インクルーシブ・リーダーシップ(IL)が、メンバーのタスク・パフォーマンス(課題遂行能力)を高めるメカニズムとして、心理的エンパワーメントの媒介効果と、調整要因としてのリーダーに対する信頼を定量的に調査した文献です。モデル図はこんな感じです。

調査は中国のホスピタリティ業界(ホテルやレストラン等)で行われ、410の回答を得て定量的な分析を実施しました。ちなみに、ホスピタリティ業界におけるIL研究の他の事例は、先日投稿した通りです。ホスピタリティ業界、多いですね。。

調査・分析の結果、インクルーシブリーダーは、心理的エンパワーメントを通じて、直接的・間接的に部下のタスクパフォーマンスを向上させることが明らかになりました。
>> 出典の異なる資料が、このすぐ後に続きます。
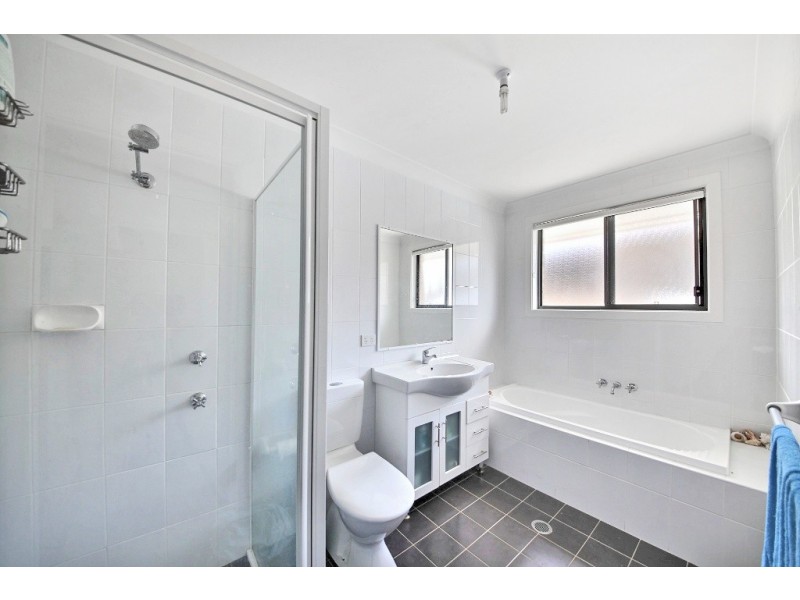 4 Dorsett Street, Spring Farm NSW 2570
さらに、リーダーに対する信頼が、ILが心理的エンパワーメントやタスク・パフォーマンスに与える影響を調整する効果も示されました。


なぜ、ILがメンバーの課題遂行能力を高めるのか

ILは、Carmeli et al. (2010)の尺度が用いられており、「開放性」「近接性」「有効性」の3つの下位次元で構成されるものです。こうしたILが発揮されると、なぜ課題遂行能力が高まるのでしょうか?

著者らは、以下のように述べています。

①インクルーシブ・リーダーは、部下にチャレンジする意欲を与え、チャレンジした後は部下を評価する。また、課題に直面する際に、発生する可能性のある問題について、インクルーシブ・リーダーは部下と容易に議論できる。加えて、ILに見られるようなリーダーの謙虚さは、部下の業務遂行にプラスとなり、部下も恐れや抵抗を感じることなく自分の誤りを認め、修正できるようになる。
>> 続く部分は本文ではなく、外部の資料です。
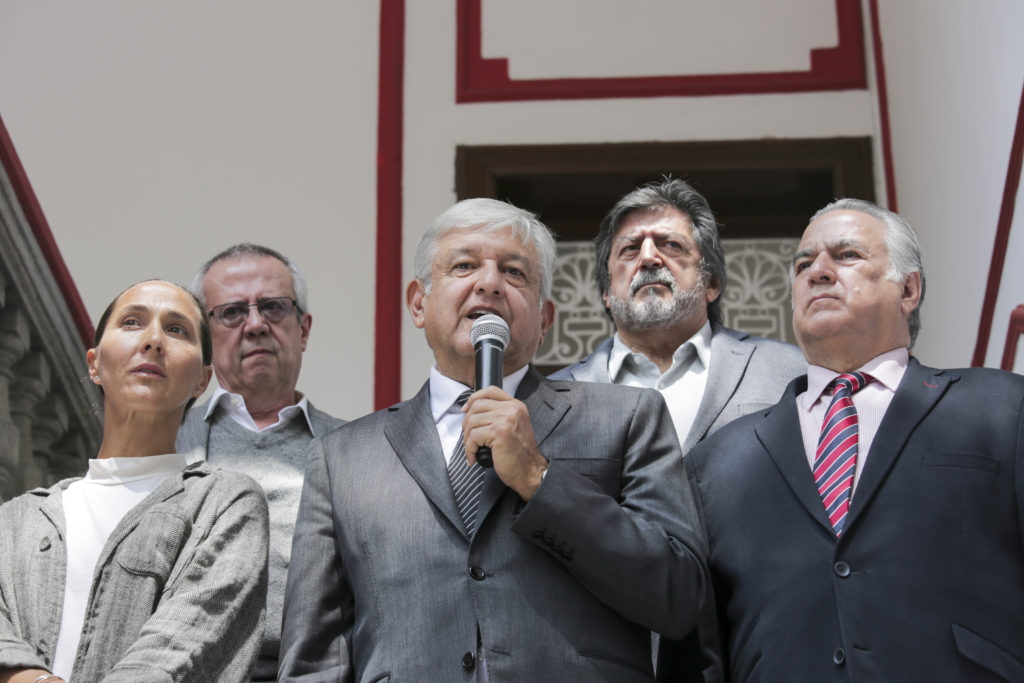 Nombra AMLO a titulares en Turismo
②社会的交換理論の考え方によると、リーダーが部下に共感的に接するとき、部下はリーダーにパフォーマンスで返そうとする、といった交換関係が暗黙裡に成立する。
従って、部下が肯定的かつ尊敬的に扱われれば、彼らはそれぞれのグループで割り当てられた仕事のパフォーマンスを向上させ、好意的な反応を返そうとする。
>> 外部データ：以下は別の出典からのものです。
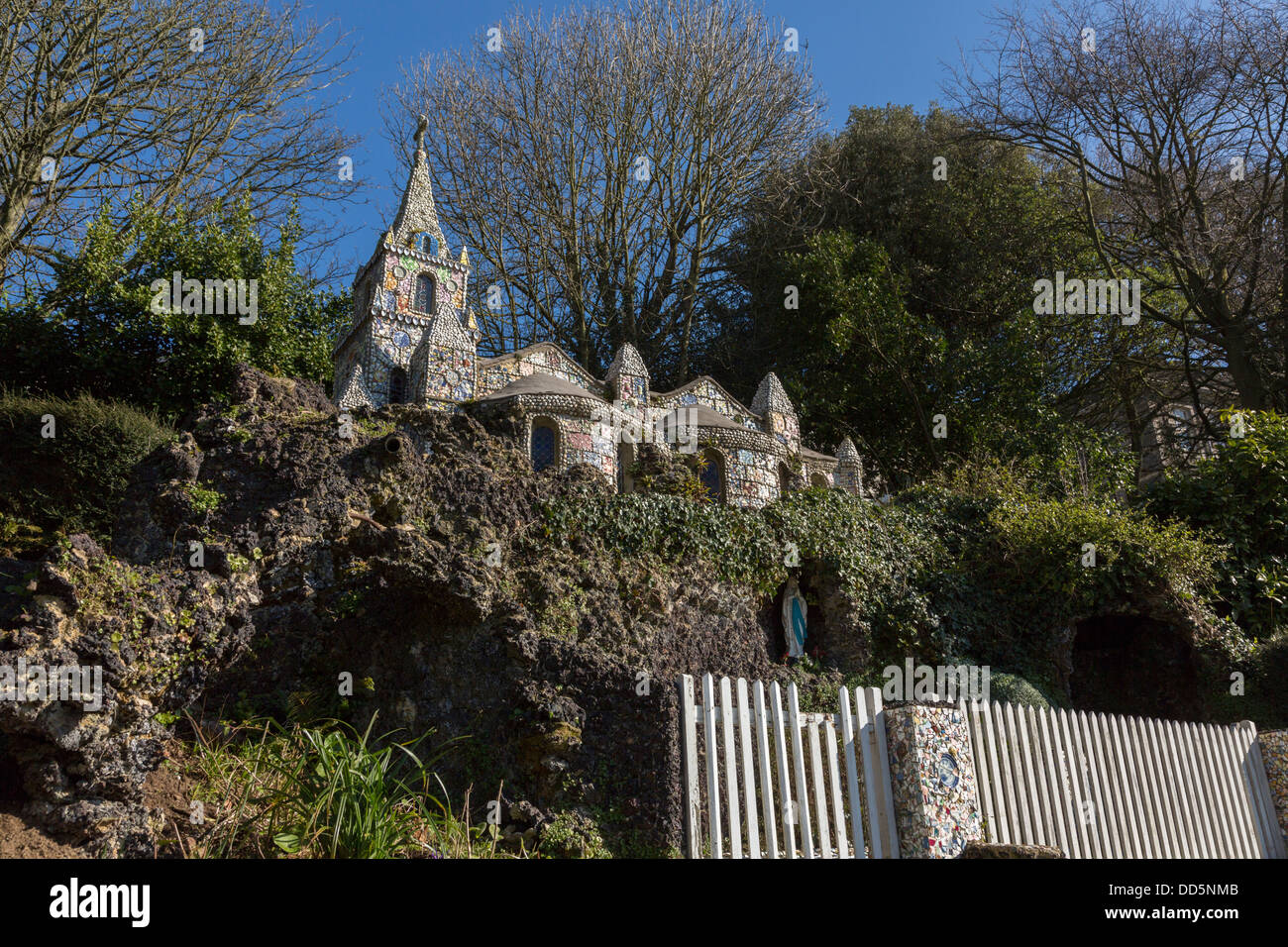 Guernsey 2013. La petite chapelle ornée de poteries cassées. Banque D'Images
③インクルーシブ・リーダーは、従業員間の平等性を発展させるような職場環境を作り、責任感を育み、どの部下も無視されたり重要視されていないという認識を無視する。それゆえ、部下のやる気を引き出し、仕事の成果を向上させることができる。


心理的エンパワーメント

  • 心理的エンパワーメントは,仕事の知覚に関する 概念で(Spreitzer, 2008; Thomas and Velhouse, 1990)。意味,能力,自己決定,インパクトという4 つの認知的要素から構成されています(Spreitzer, 1995)。4つそれぞれの意味合いは、以下の通りです。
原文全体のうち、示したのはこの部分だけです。